Mr Martin said the spending will have to be factored in to next year’s budget.
He also said he cannot be definitive about the number of refugees who will arrive in Ireland over the coming weeks and months.
Up to 600 Ukrainians are arriving in Ireland every day.
Mr Martin said that the Government will consider modular construction, however it could take a number of months to complete.
The Fianna Fáil leader said the Government will have to be innovative in its response to accommodate the large number of fleeing refugees.
He also acknowledged a low uptake in Covid vaccines among people in Eastern European countries.
He said that people arriving from Ukraine are being offered Covid-19 jabs for those who have not yet received one.
“We do know that certain Eastern European countries, the take-up was low because of historic issues with state and authorities in the past around vaccinations and so on,” Mr Martin added.
— Irish Foreign Ministry (@dfatirl) March 29, 2022
“But we are confident, that with proper targeted approaches, we can increase the level of vaccination.”
Mr Martin also said he believes there is “strong political agreement” within Ireland.
“I just came from the Dáil and I think that was in evidence across the floor of the House in terms of supporting refugees,” he added.
“I don’t think people need reminded of the horrors of what these people are fleeing and the war is really having a terrible, traumatic impact on people.
“This is a war-time situation. It’s a war-time response.”
Mr Martin also refused to be drawn on why Ireland expelled four senior Russian officials.
The Government said the officials have been asked to leave the country because their activities have not been “in accordance with international standards of diplomatic behaviour”.
The individuals will be given a number of days before they have to leave the country, Mr Martin said.
Asked why the Government would not disclose the reason behind the concerns about the Russia officials, Mr Martin said: “Historically, we are very clear in terms of how we deal with these situations.
“We did have a security briefing in relation to these four individuals, but also in relation to a general situation pertaining to activities and so forth.
“We don’t divulge security information at that kind.

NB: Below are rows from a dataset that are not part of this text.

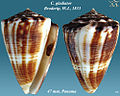 Conus gladiator Broderip, W.J., 1833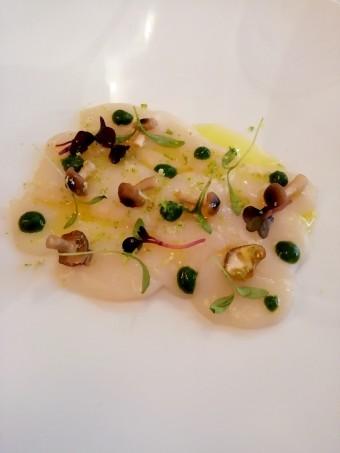 Carpaccio de Saint-Jacques © Gourmets&co Carpaccio de Saint-Jacques © Gourmets&co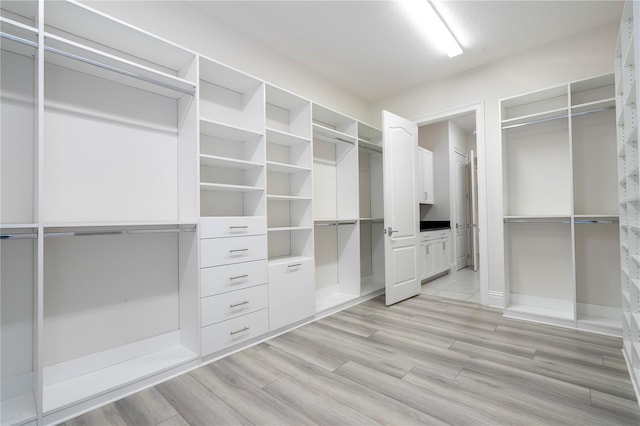 walk in closet with light wood-type flooring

One question can lead to another question, and we take very seriously the presentations I’ve received from the Garda Commissioner and Chief of Staff.
“We’re very clear that the reasons were well-founded for doing this under the Vienna Convention, and on the basis that the activities of these individuals was not in accordance with international standards of diplomacy.
“I think people can read various things from that. But fundamentally, there was a security premise underlining the decision.”